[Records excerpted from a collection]
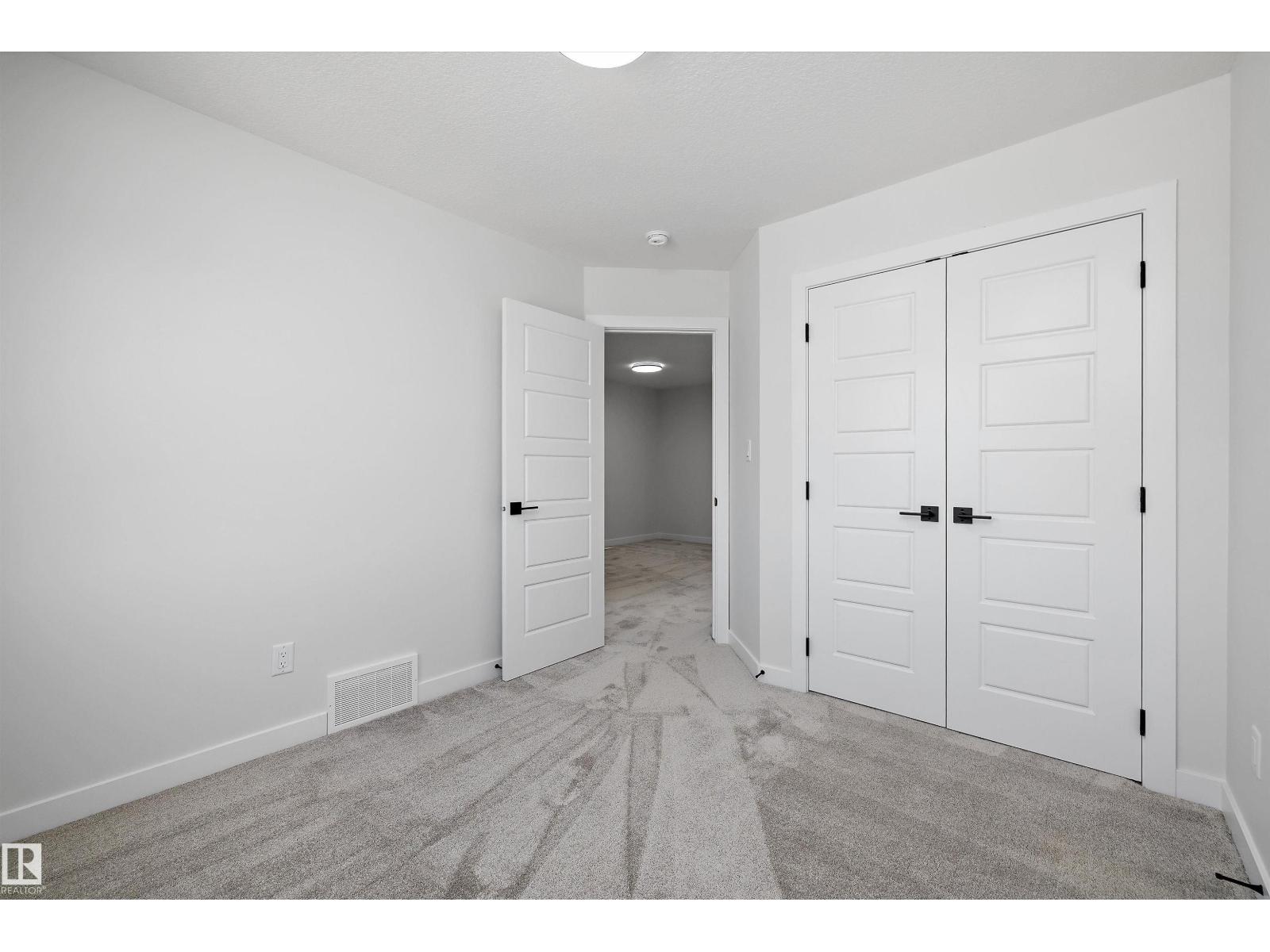 Edgemont (Edmonton) - photo 35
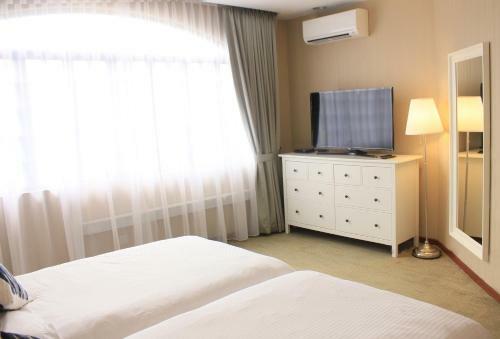 Alocassia Serviced Apartments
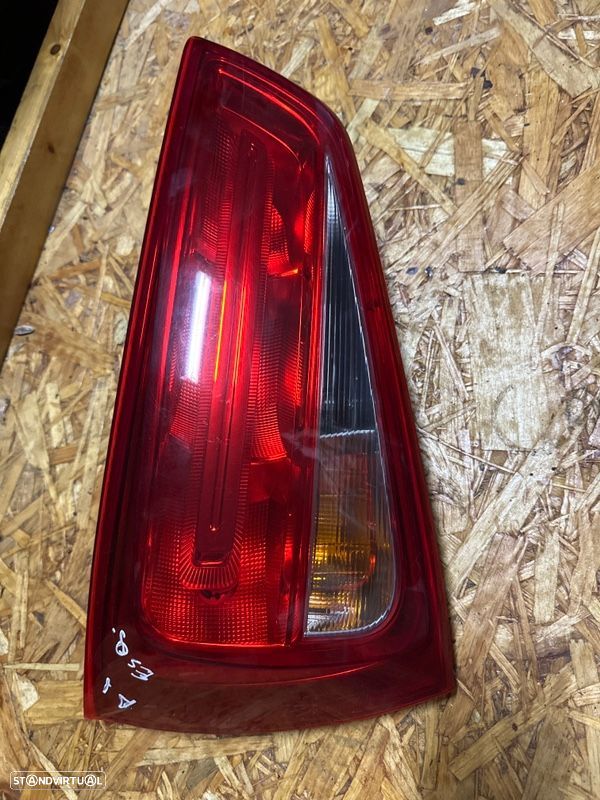 Farolim traseiro esquerdo Audi A1 - 1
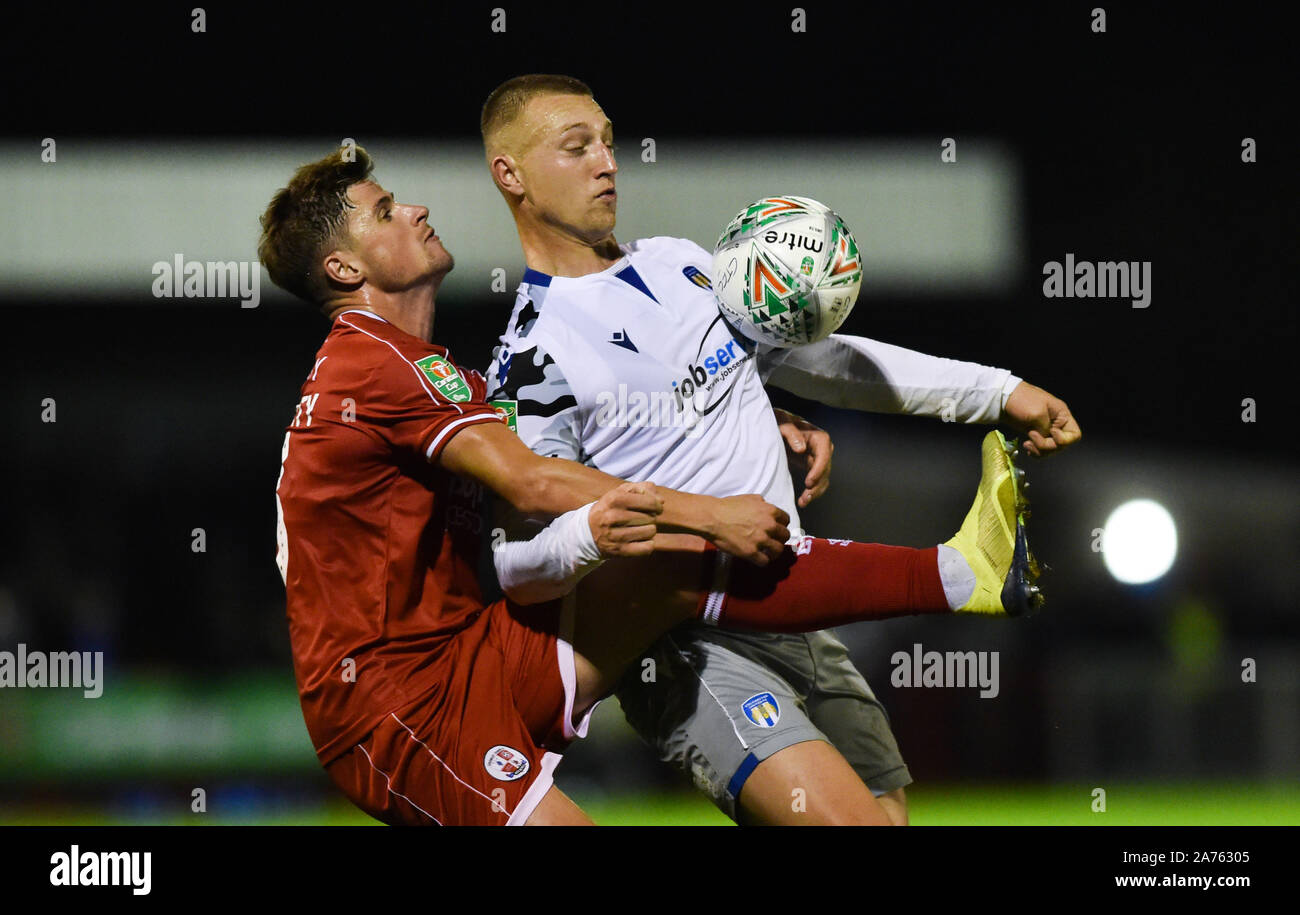 Josh Doherty di Crawley (sinistra) aggancia la palla lontano da Luca Norris di Colchester durante la Coppa Carabao quarto round match tra città di Crawley e Colchester Regno al popolo della Pension Stadium , Crawley , 29 ottobre 2019 - solo uso editoriale. No merchandising. Per le immagini di calcio FA e Premier League restrizioni si applicano inc. no internet/utilizzo mobile senza licenza FAPL - per i dettagli contatti Football Dataco Foto Stock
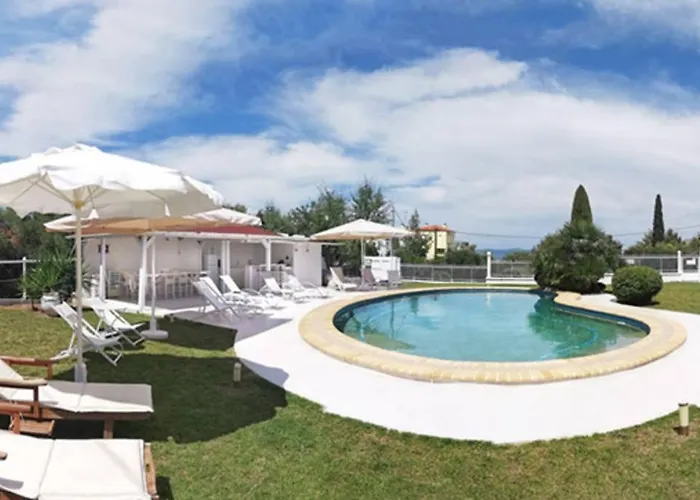 Family Maisonette With Pool #2 *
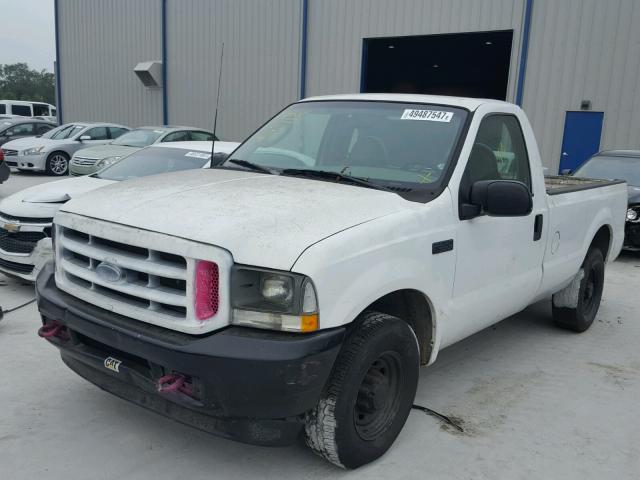 1FTSF30L43EA41032 - 2003 FORD F350 SRW S WHITE photo 2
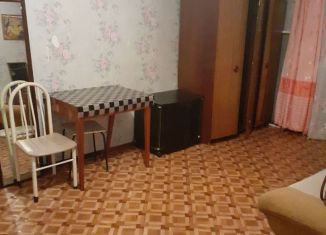 Сдача в аренду комнаты, 17 м2, Биробиджан, Советская улица, 55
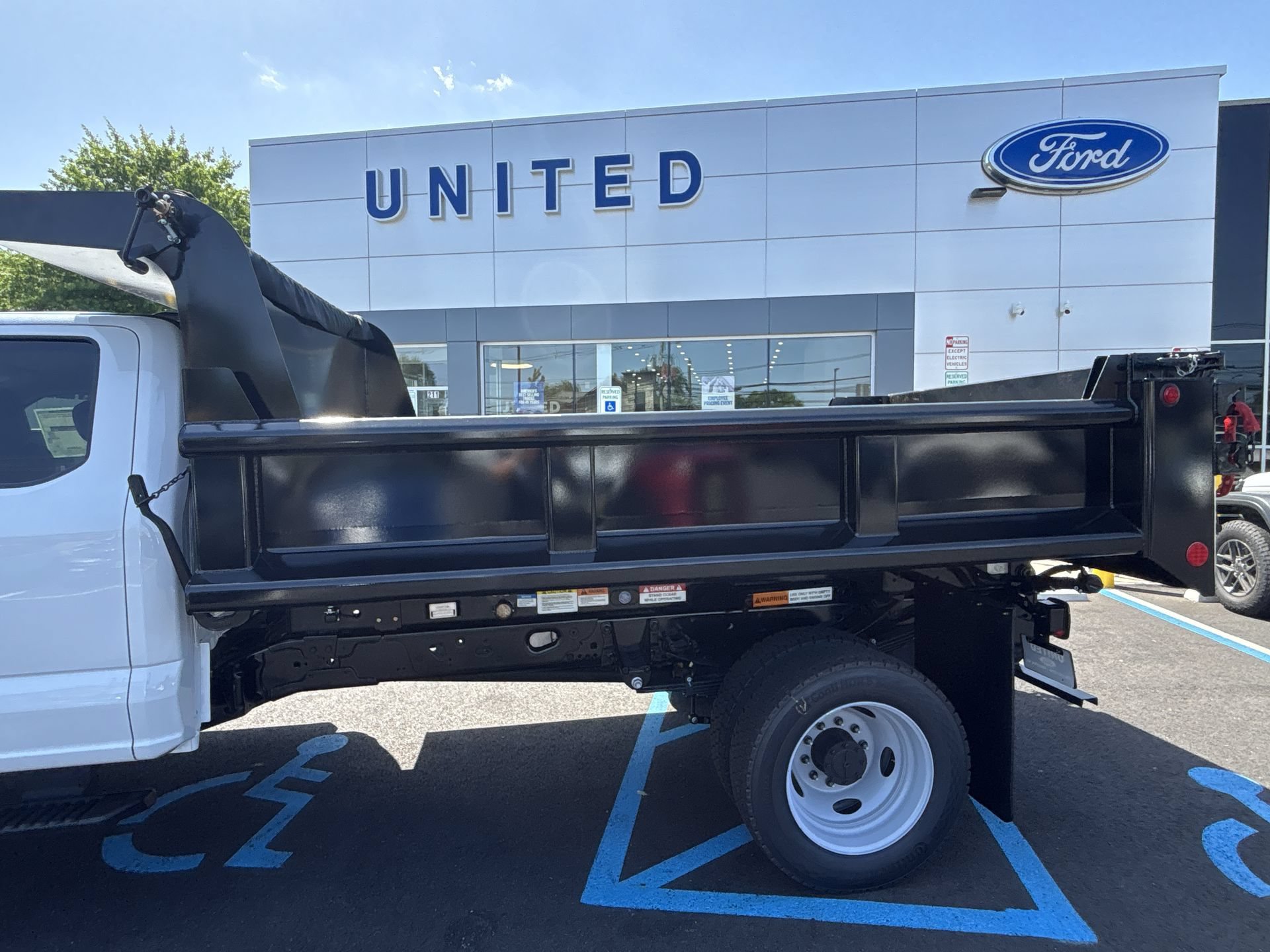 New 2026 Ford F550 4x4 Supercab Super Duty image 19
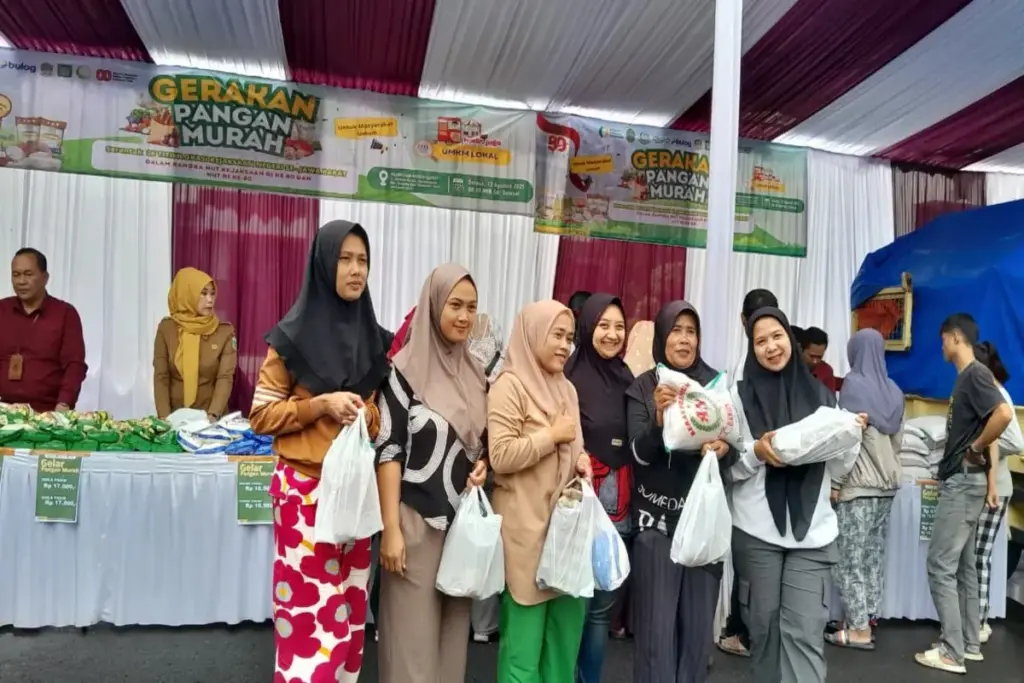 warga mendatangi Kejari Garut untuk membeli sembako murah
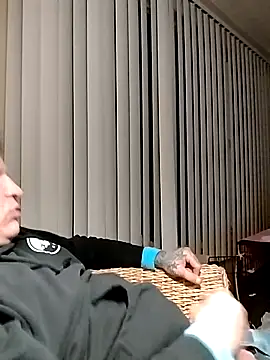 fukurbutt online show from December 4, 12:19 pm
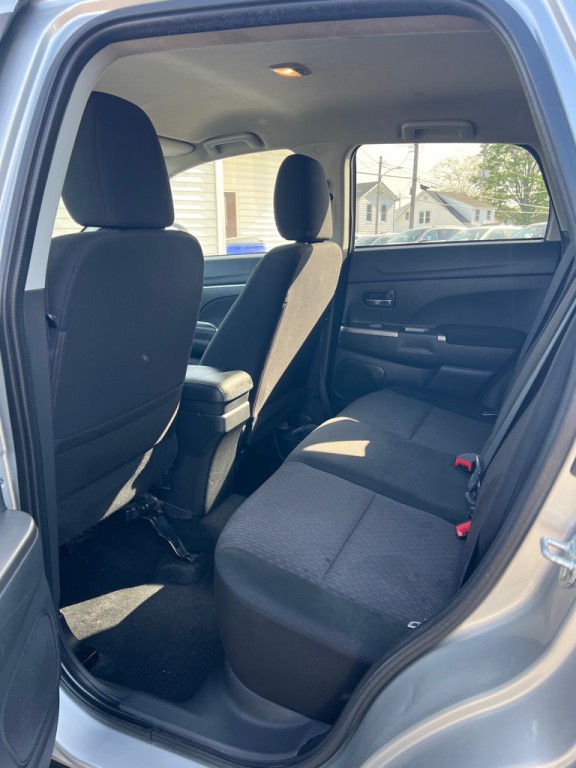 2019 Mitsubishi Outlander Image 13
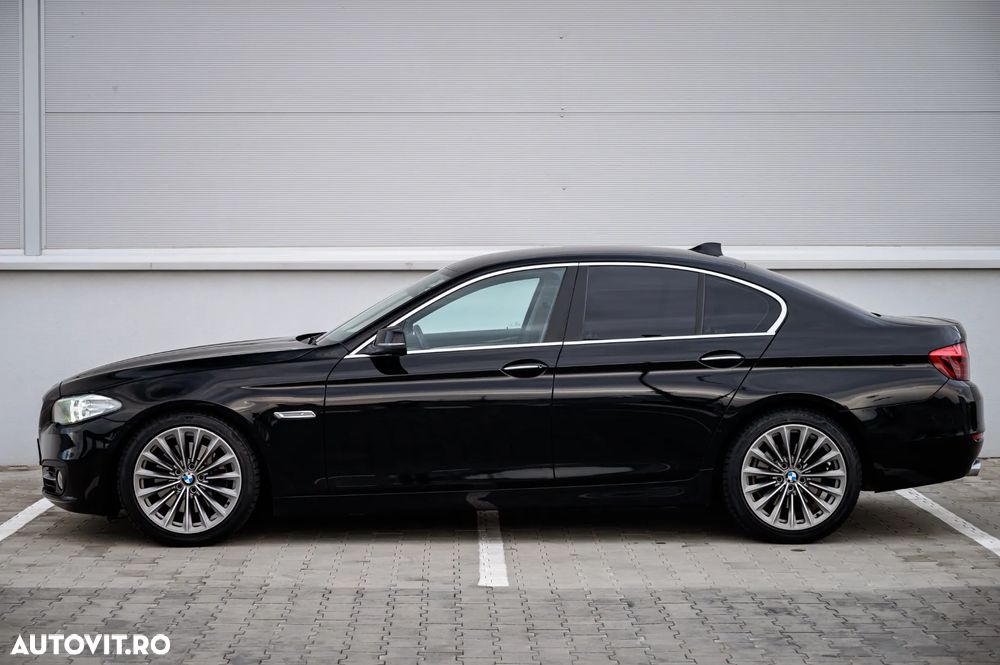 BMW Seria 5 525d xDrive AT - 7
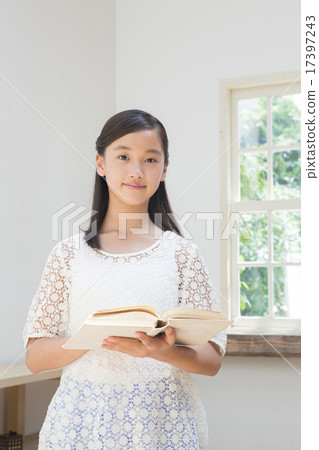Portrait Junior high school girls 17397243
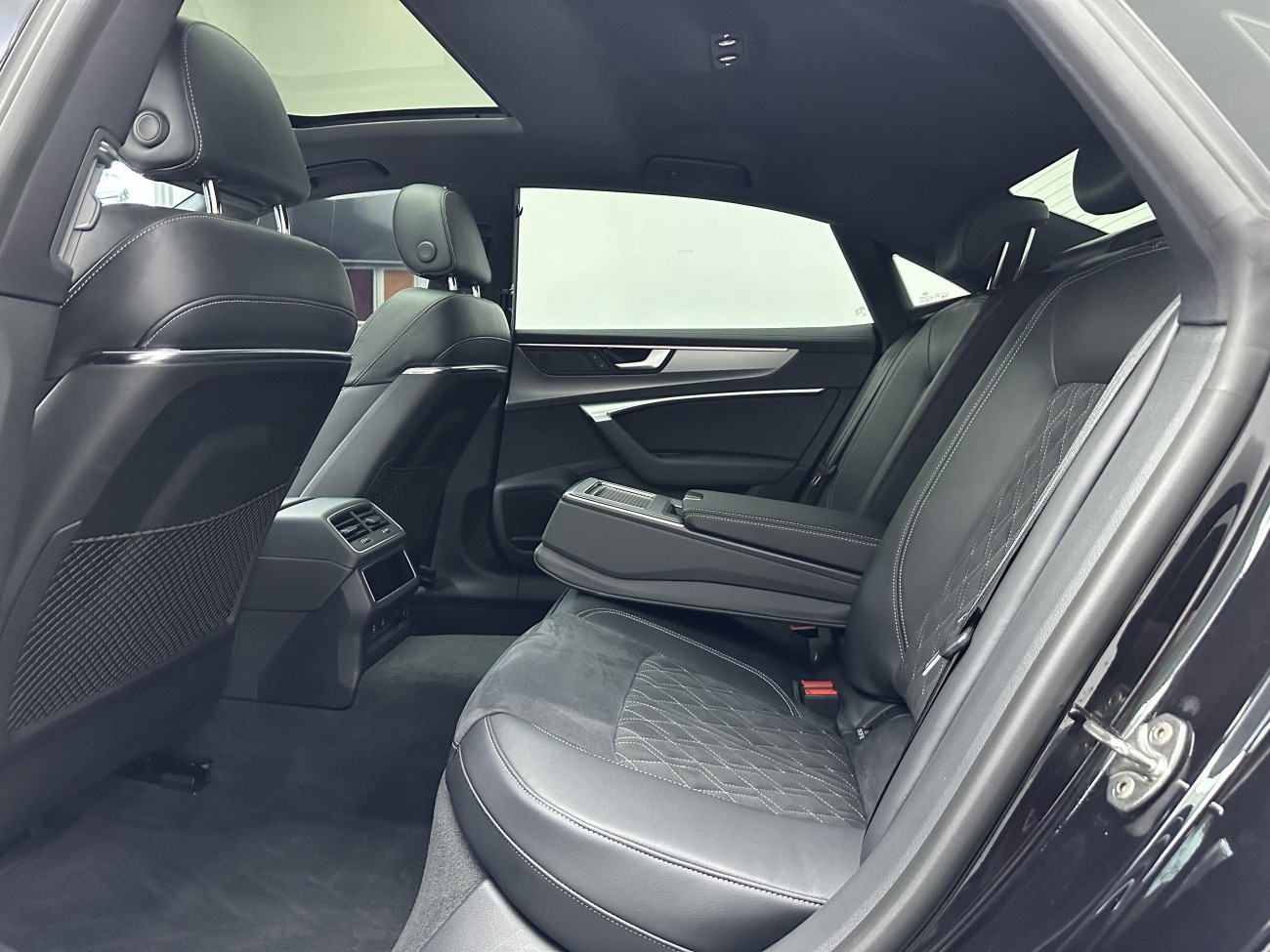 Audi A7L 45 TFSI 2023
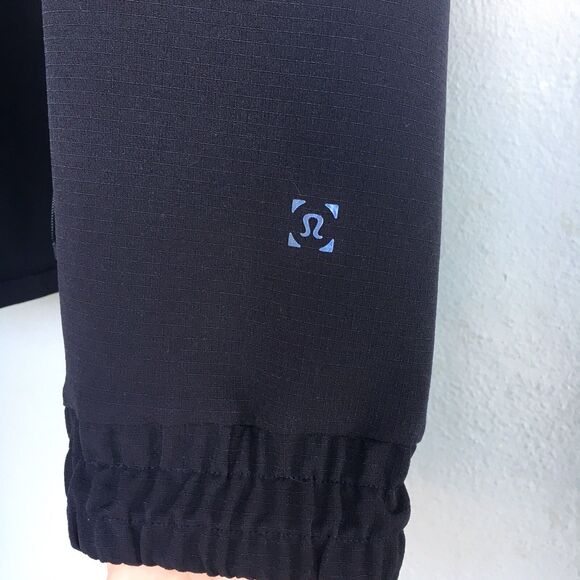 Lululemon Zip Up Track Jacket Men XXL Black License to Train Athletic Run Gym - Picture 6 of 16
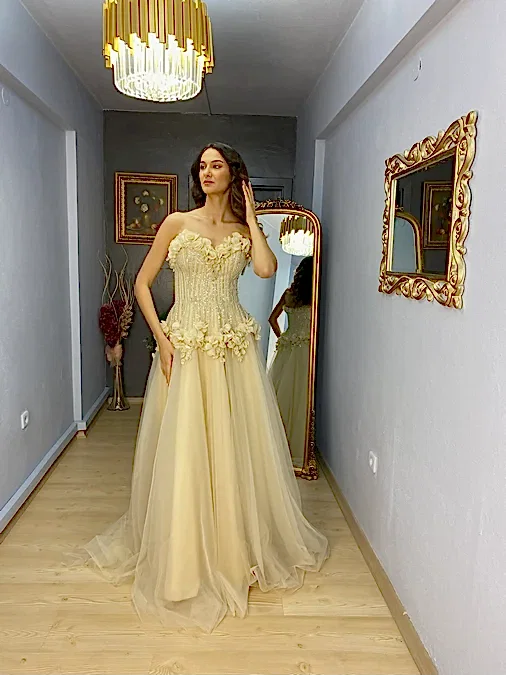 Şanpanya Straplez Üst İşli Çicek Detaylı Tül Uzun Abiye Elbise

_What you are asked to do_
Omit the pictures, then extract verbatim only those lines that fall between the line containing "Audi A7L 45 TFSI 2023" and the final line of the records above, both included.

_Expected answer_
 Audi A7L 45 TFSI 2023
 Lululemon Zip Up Track Jacket Men XXL Black License to Train Athletic Run Gym - Picture 6 of 16
 Şanpanya Straplez Üst İşli Çicek Detaylı Tül Uzun Abiye Elbise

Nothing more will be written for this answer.